─── Dataset records

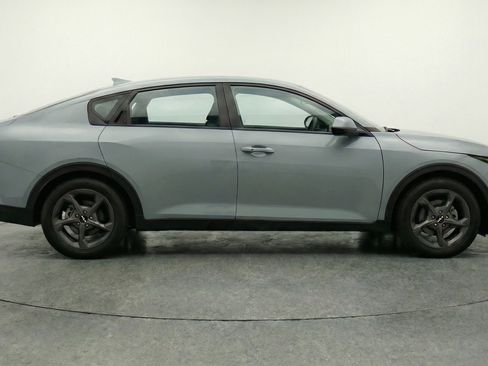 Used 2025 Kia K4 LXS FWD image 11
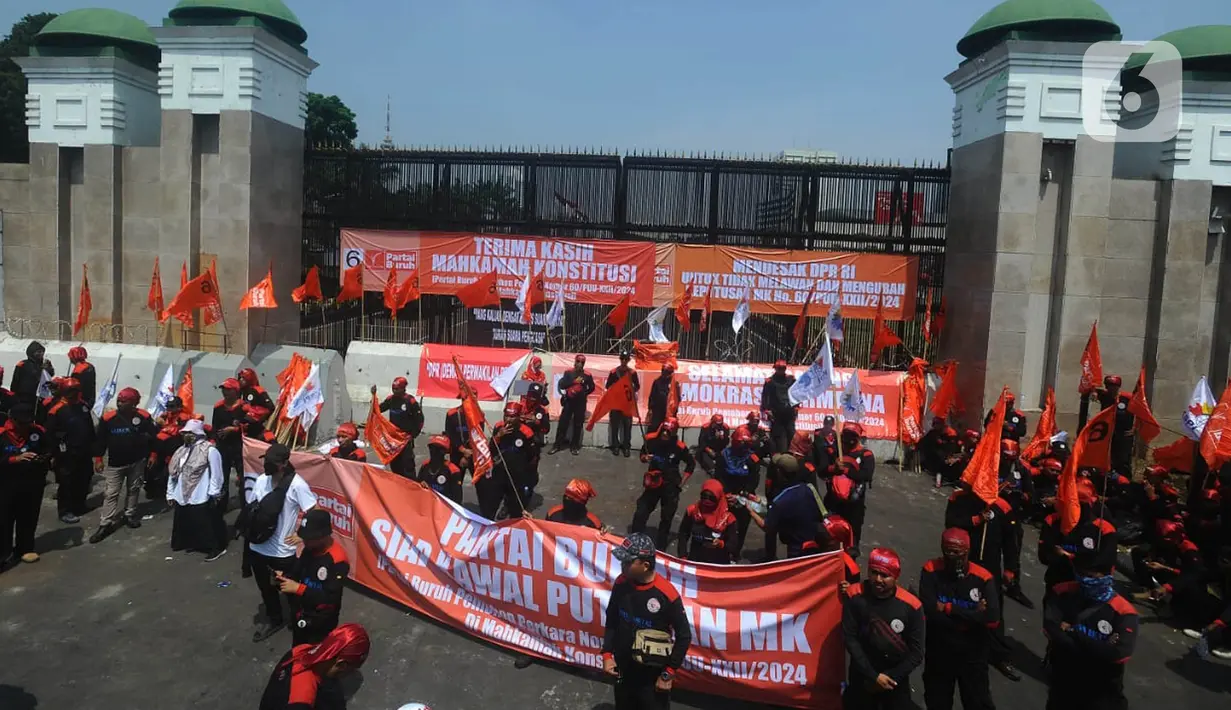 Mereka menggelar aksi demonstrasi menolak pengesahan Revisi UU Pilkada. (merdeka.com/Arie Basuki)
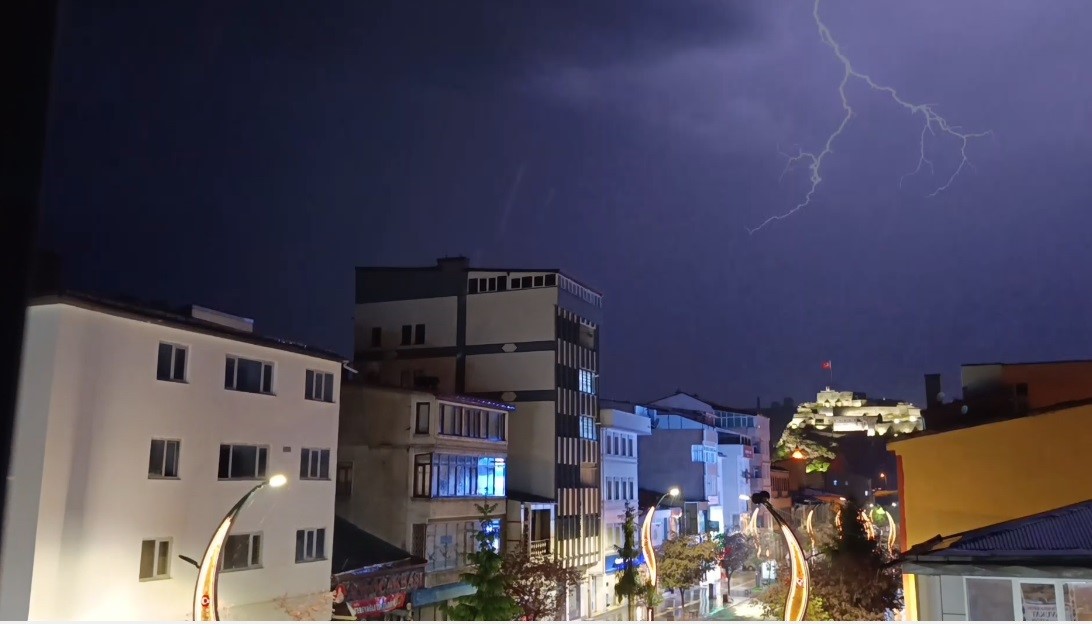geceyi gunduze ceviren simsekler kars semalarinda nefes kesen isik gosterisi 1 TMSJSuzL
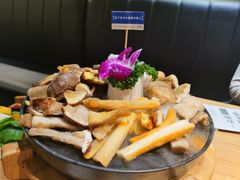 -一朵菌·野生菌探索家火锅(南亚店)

──────
─── Dataset records

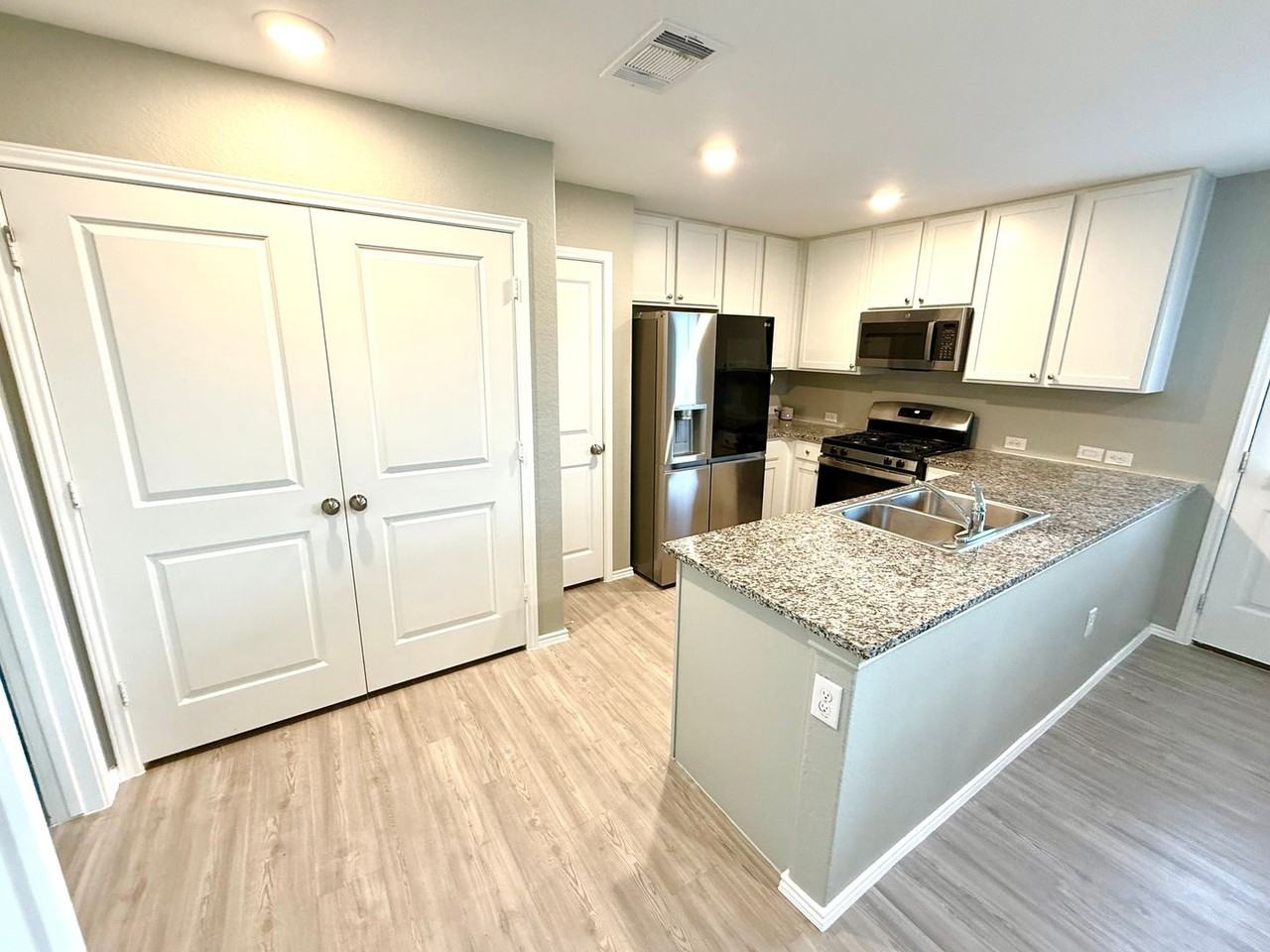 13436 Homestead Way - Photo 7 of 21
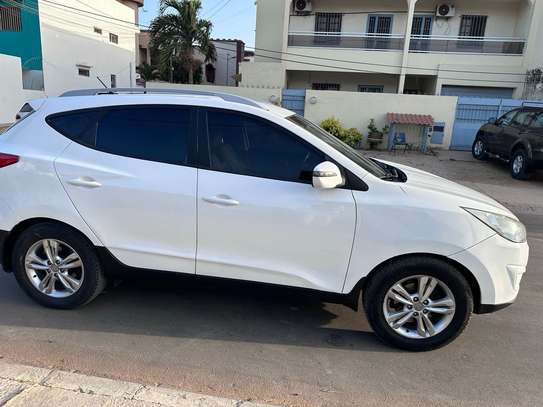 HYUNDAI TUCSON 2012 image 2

──────

What you are asked to do — Only one stretch of the listing is wanted: the lines starting at the one with "Used 2025 Kia K4 LXS FWD image 11" and ending at the one with "-一朵菌·野生菌探索家火锅(南亚店)", copied exactly and free of pictures.

Written answer —
 Used 2025 Kia K4 LXS FWD image 11
 Mereka menggelar aksi demonstrasi menolak pengesahan Revisi UU Pilkada. (merdeka.com/Arie Basuki)
geceyi gunduze ceviren simsekler kars semalarinda nefes kesen isik gosterisi 1 TMSJSuzL
 -一朵菌·野生菌探索家火锅(南亚店)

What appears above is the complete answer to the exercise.